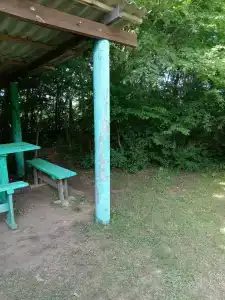Скелепарк - 14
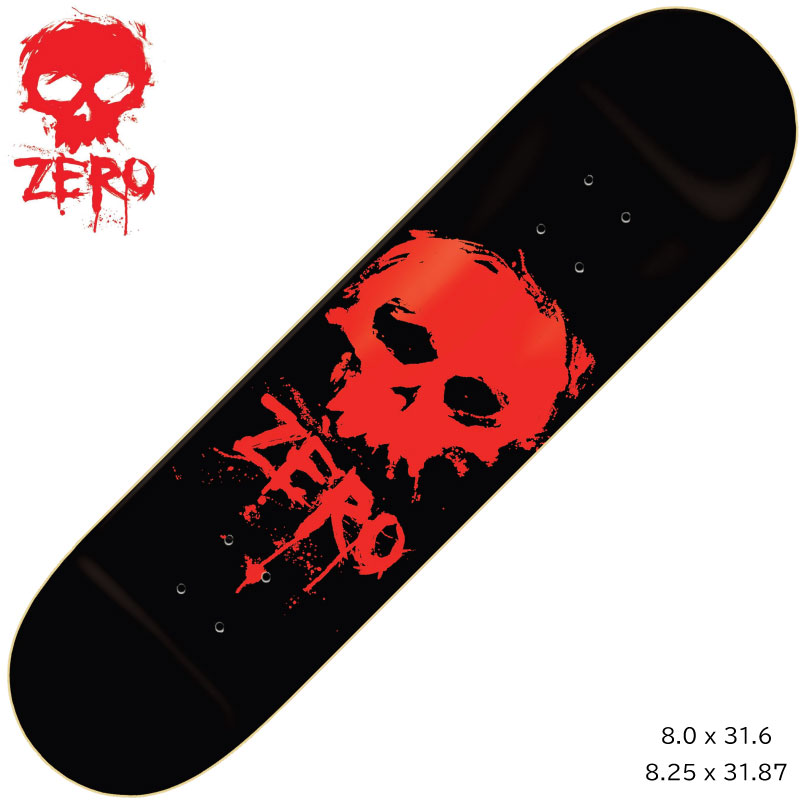 zero デッキ」の人気商品一覧 | 安い商品を通販サイトから探す - 価格.com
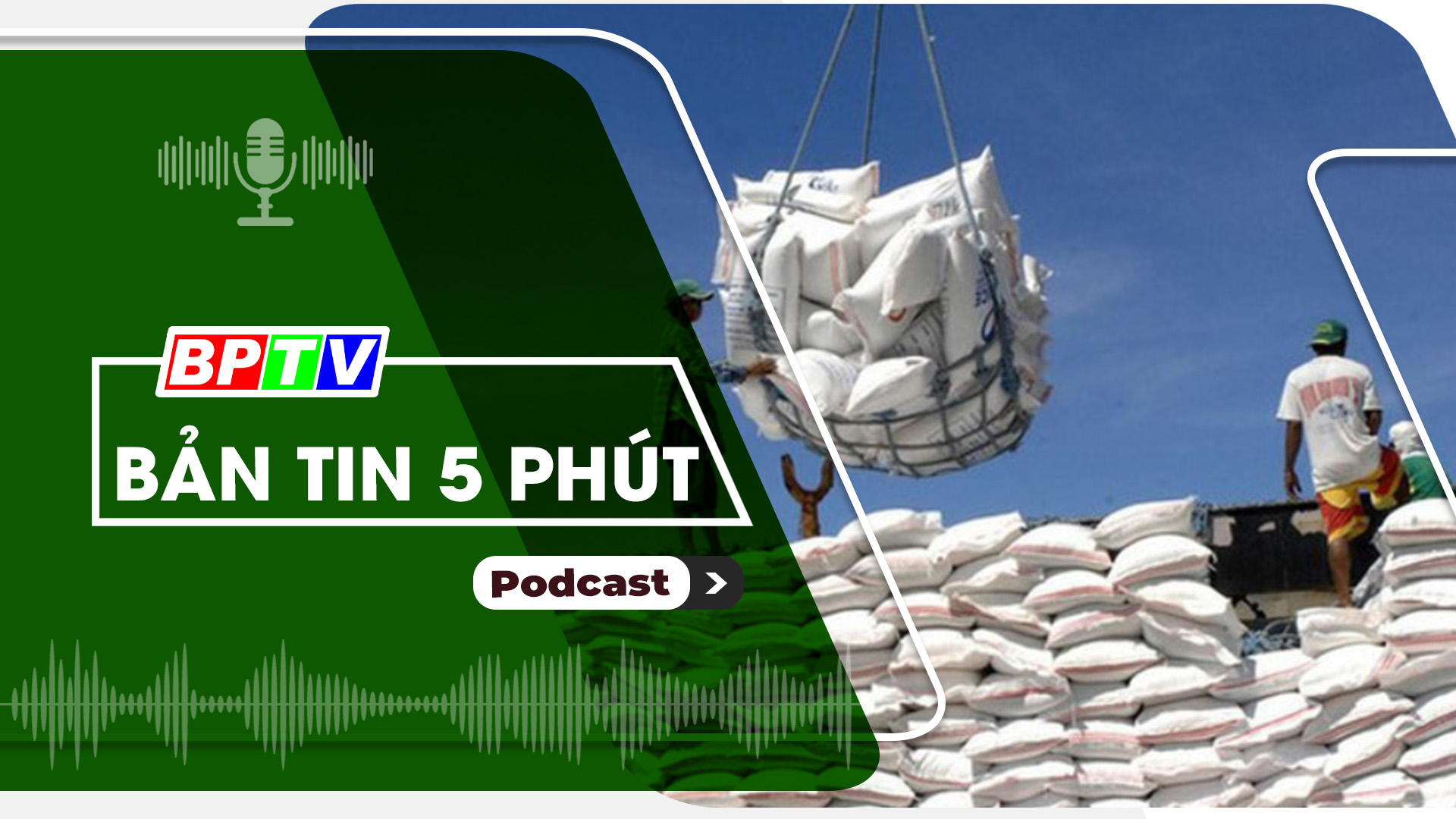 5 phút trưa nay 29-9-2024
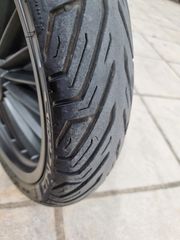 Piaggio Beverly 300i 2018 ABS-ASR-300S-ΣΑΝ ΚΑΙΝΟΥ-ΙΔΙΩΤΗ-thumb-24
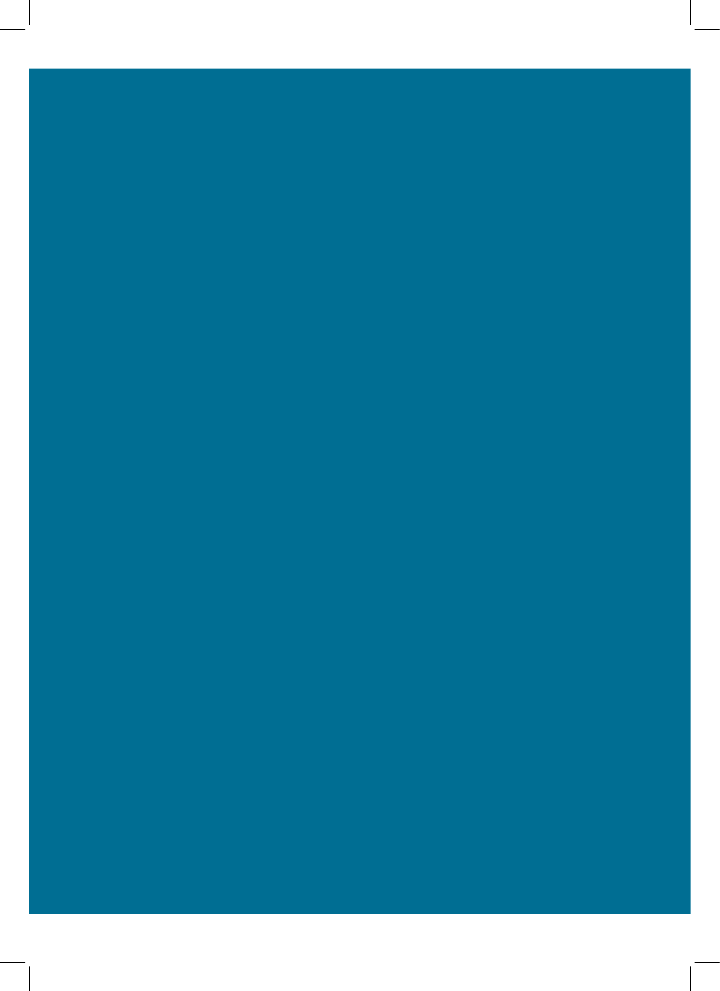 1407015_0004.png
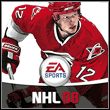 NHL 08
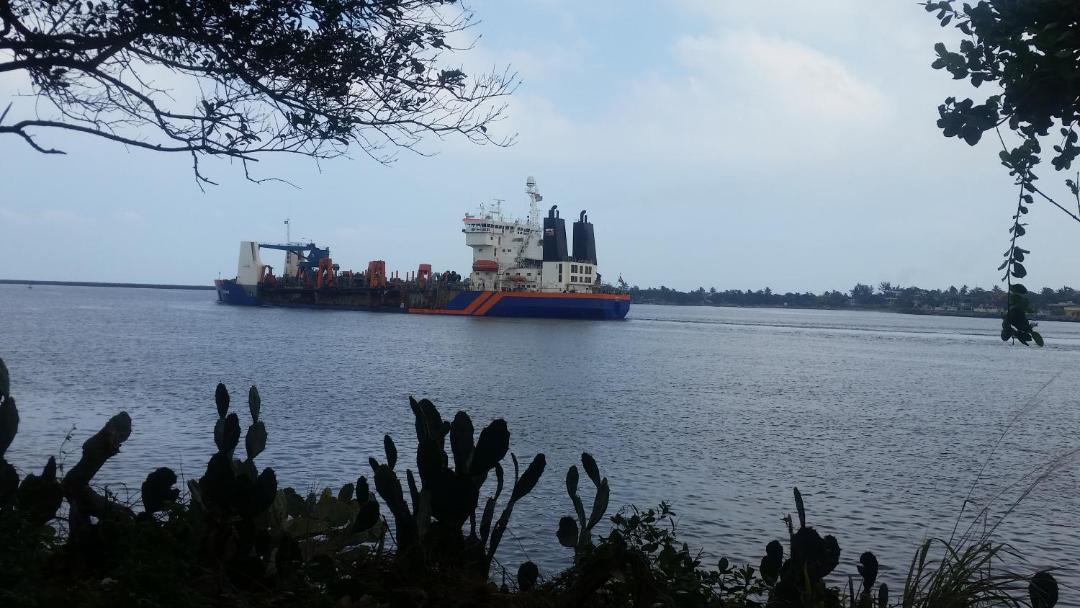 Photo of Others in Coatzacoalcos
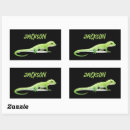 Search for big animal stickers For kids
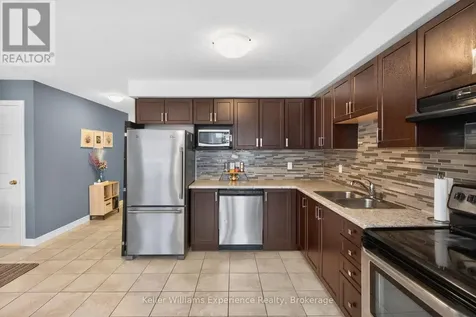 995 Cook Drive Midland ON L4R 0E4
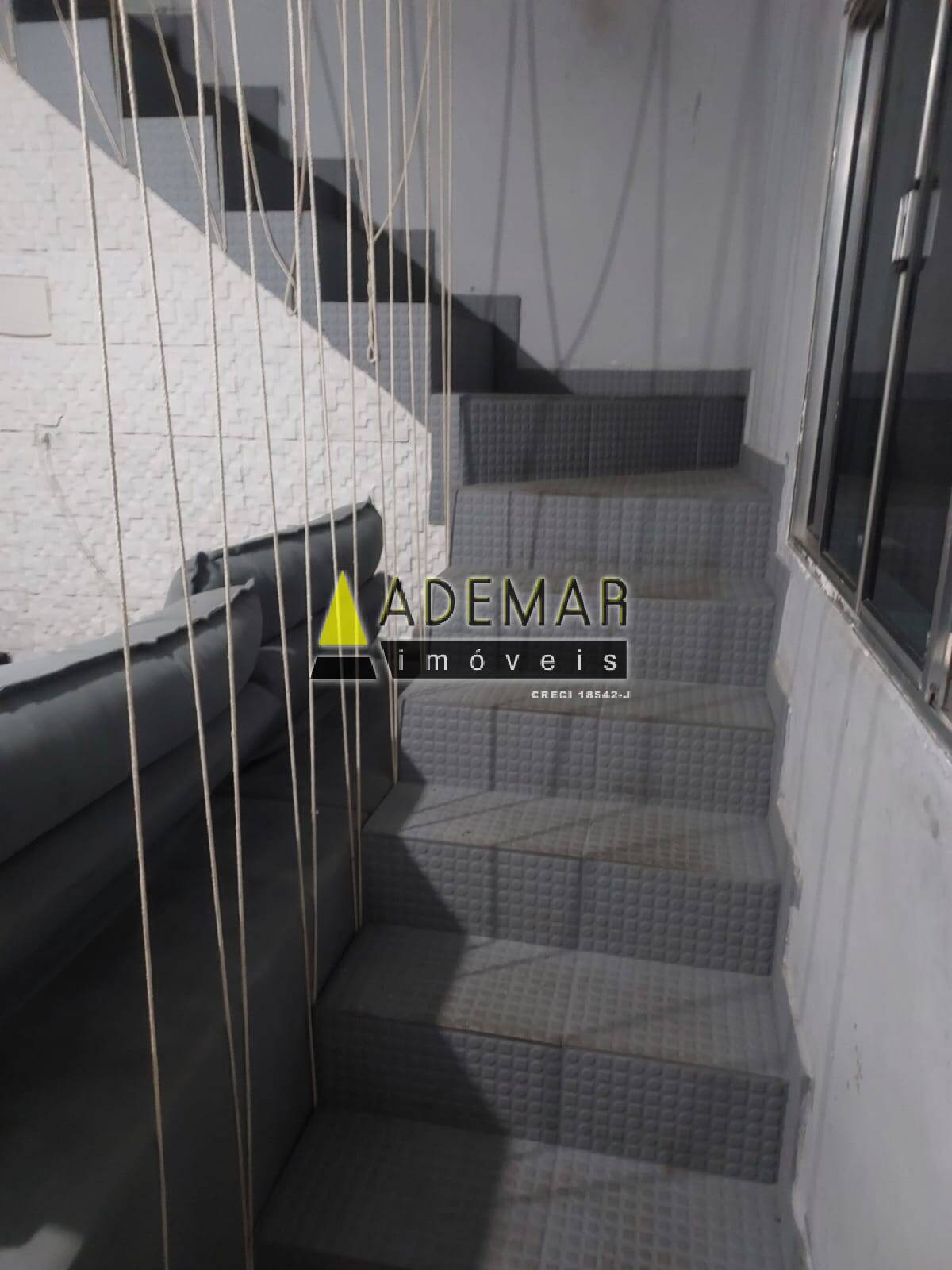 Casa, 7 quartos - Foto 3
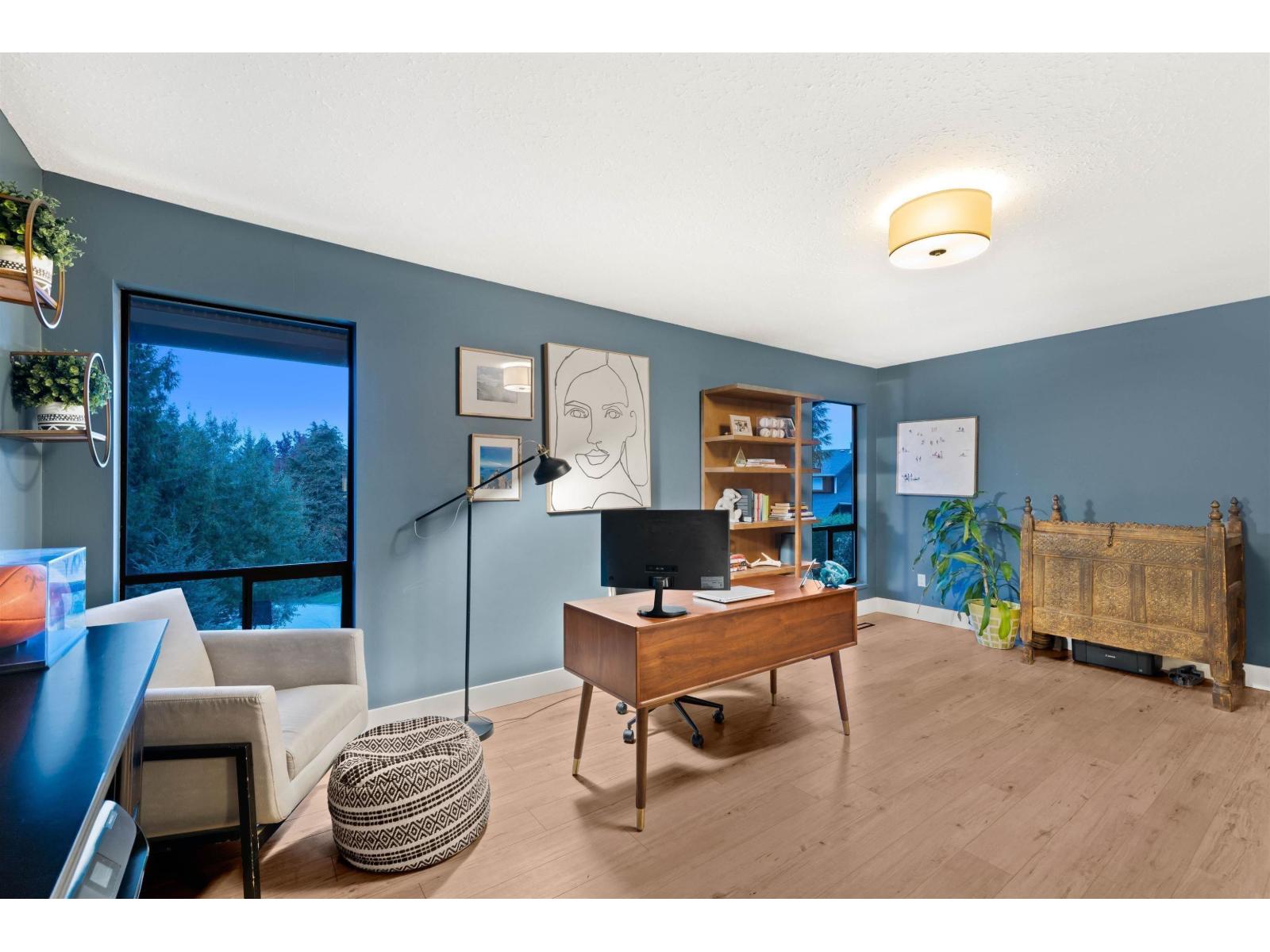 Photo 20 of 4657 208 A Street, Langley BC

● **What is needed**: The entries are to be copied exactly, and each image is to be omitted.

● **Solved problem**:
Скелепарк - 14
 zero デッキ」の人気商品一覧 | 安い商品を通販サイトから探す - 価格.com
 5 phút trưa nay 29-9-2024
 Piaggio Beverly 300i 2018 ABS-ASR-300S-ΣΑΝ ΚΑΙΝΟΥ-ΙΔΙΩΤΗ-thumb-24
 1407015_0004.png
 NHL 08
 Photo of Others in Coatzacoalcos
 Search for big animal stickers For kids
 995 Cook Drive Midland ON L4R 0E4
 Casa, 7 quartos - Foto 3
 Photo 20 of 4657 208 A Street, Langley BC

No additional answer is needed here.